=== Section Start ===

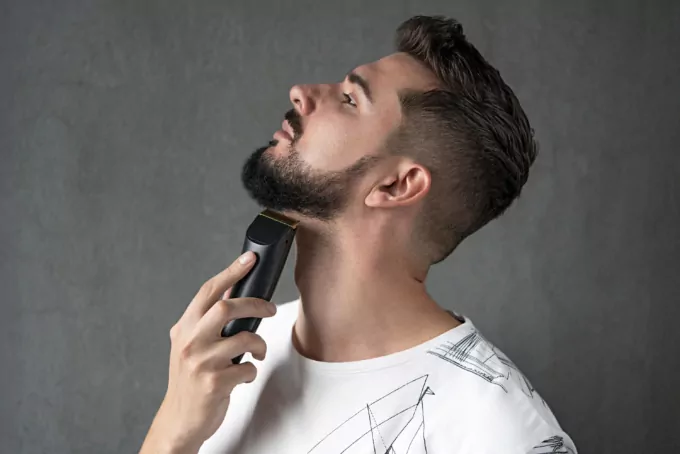 Машинка для стрижки Ardesto HC-Y30-DBS, мережа+акум., насадок-6, сталь+кераміка, чорний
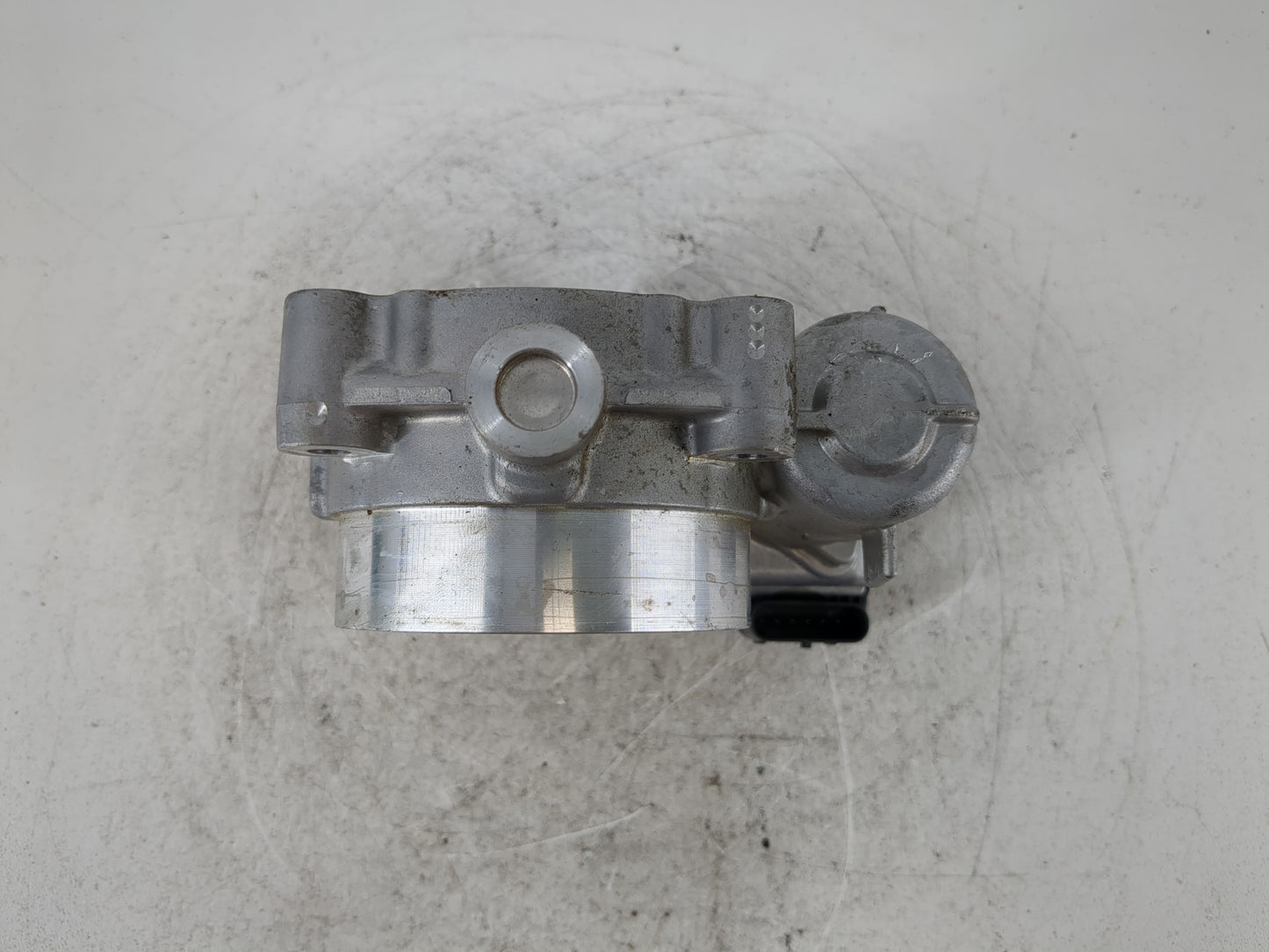 2014-2022 Jeep Cherokee Throttle Body Fits Fits 2011 2012 2013 2014 2015 2016 2017 2018 2019 2020 2021 2022 OEM Used Auto Pa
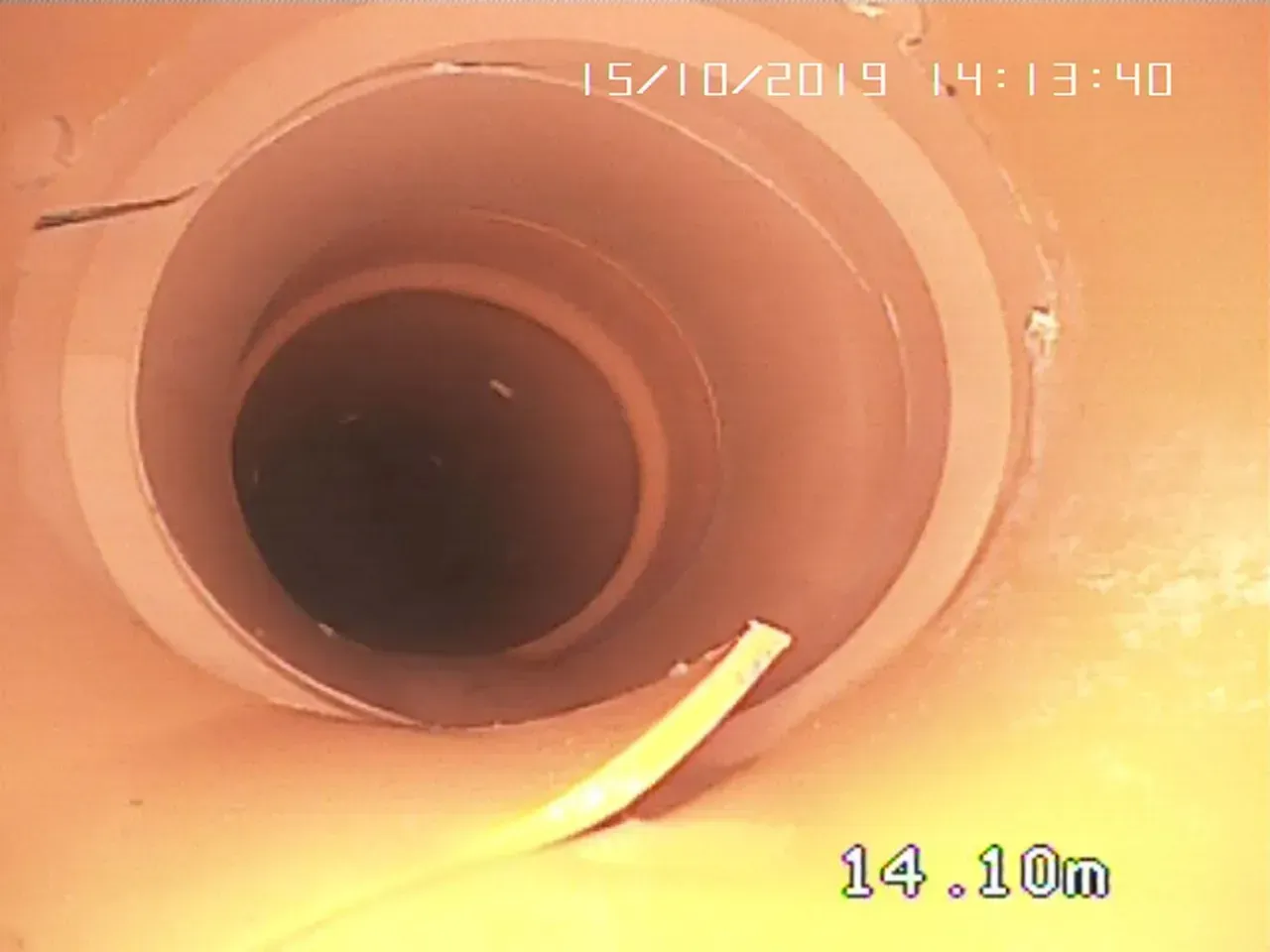 Kanalreinigung Ablauf-Service GmbH  defekte Leitung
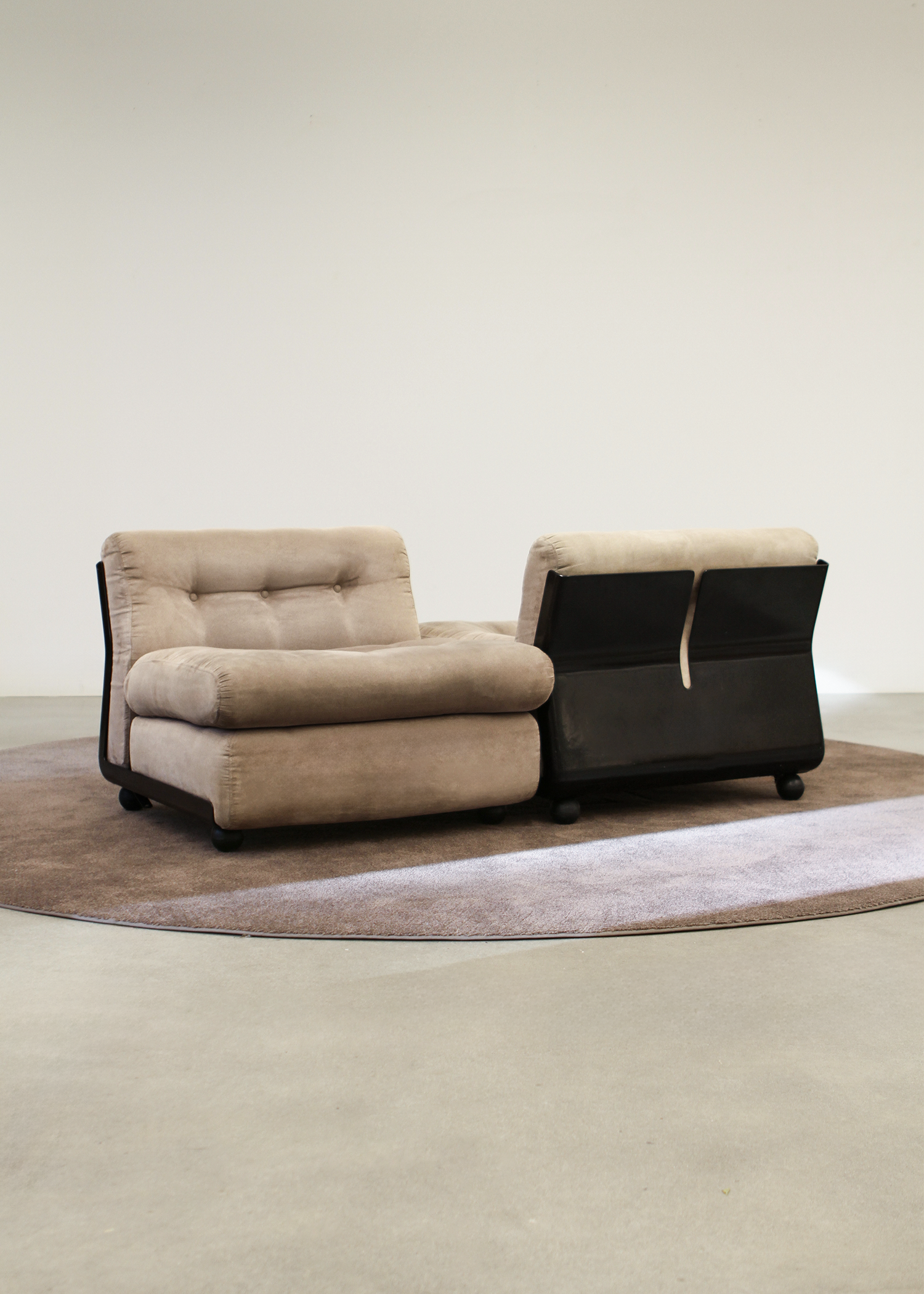 (2) Amanta Modular Chairs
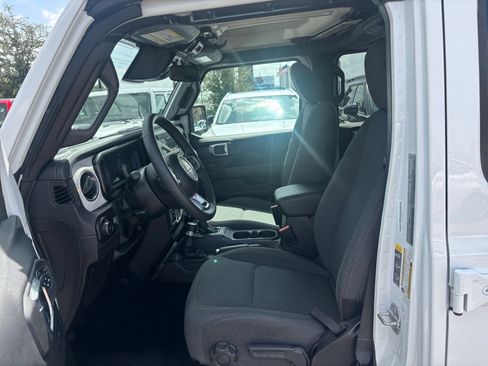 Used 2025 Jeep Wrangler Unlimited Sahara AWD/4WD image 27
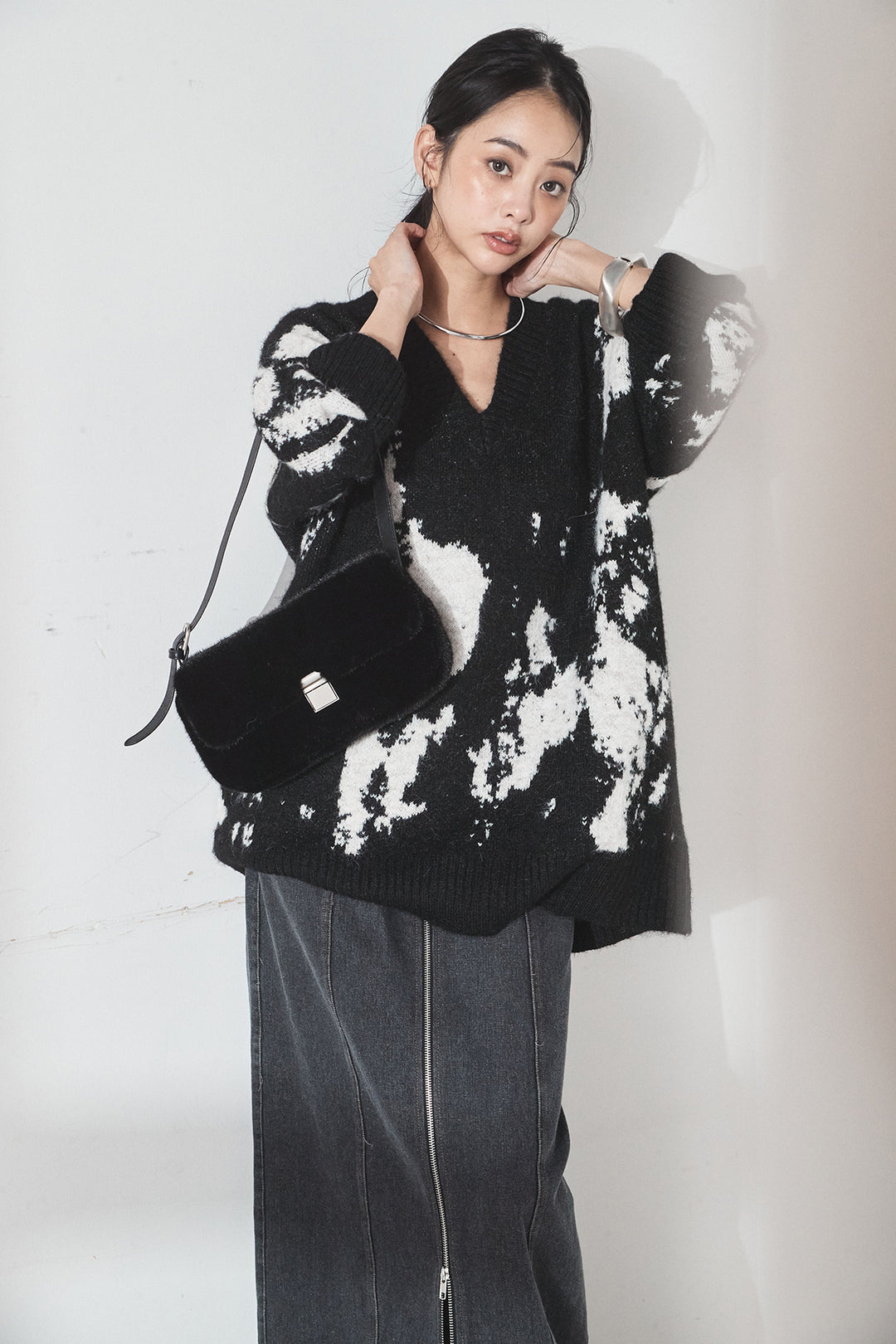 [SET]アブストラクト柄ニットプルオーバー+フロントジップデニムスカート(2set)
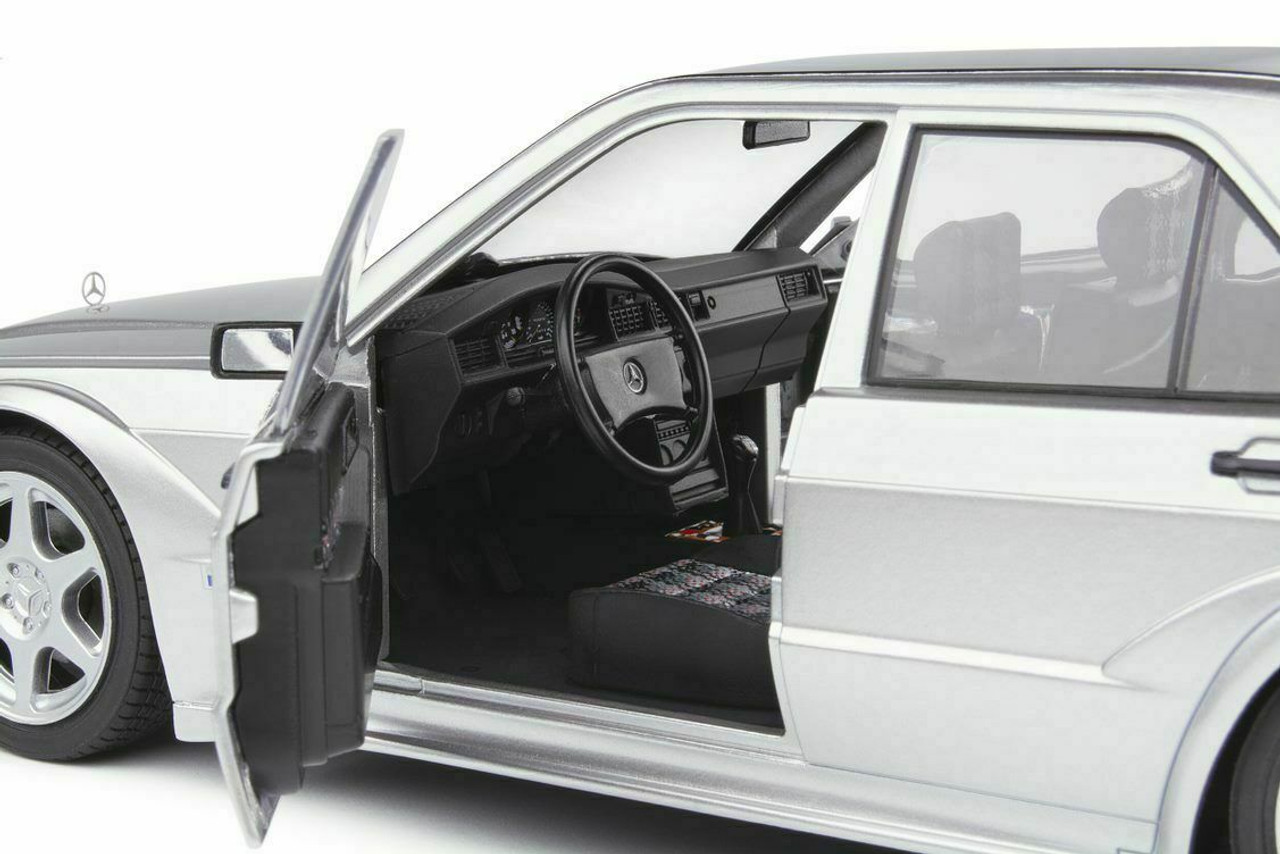 ミニカー Mercedes 190E Evolution 2 1/18 Amazon.com: 1:18 1990 Mercedes 190e EVO2 Black : Toys & Games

=== Section End ===

▸ **How to complete this task**
Restate word for word the lines that begin at the one containing "(2) Amanta Modular Chairs" and end with the final line of the records. Pictures stay out.

▸ **Worked solution**
 (2) Amanta Modular Chairs
 Used 2025 Jeep Wrangler Unlimited Sahara AWD/4WD image 27
 [SET]アブストラクト柄ニットプルオーバー+フロントジップデニムスカート(2set)
 ミニカー Mercedes 190E Evolution 2 1/18 Amazon.com: 1:18 1990 Mercedes 190e EVO2 Black : Toys & Games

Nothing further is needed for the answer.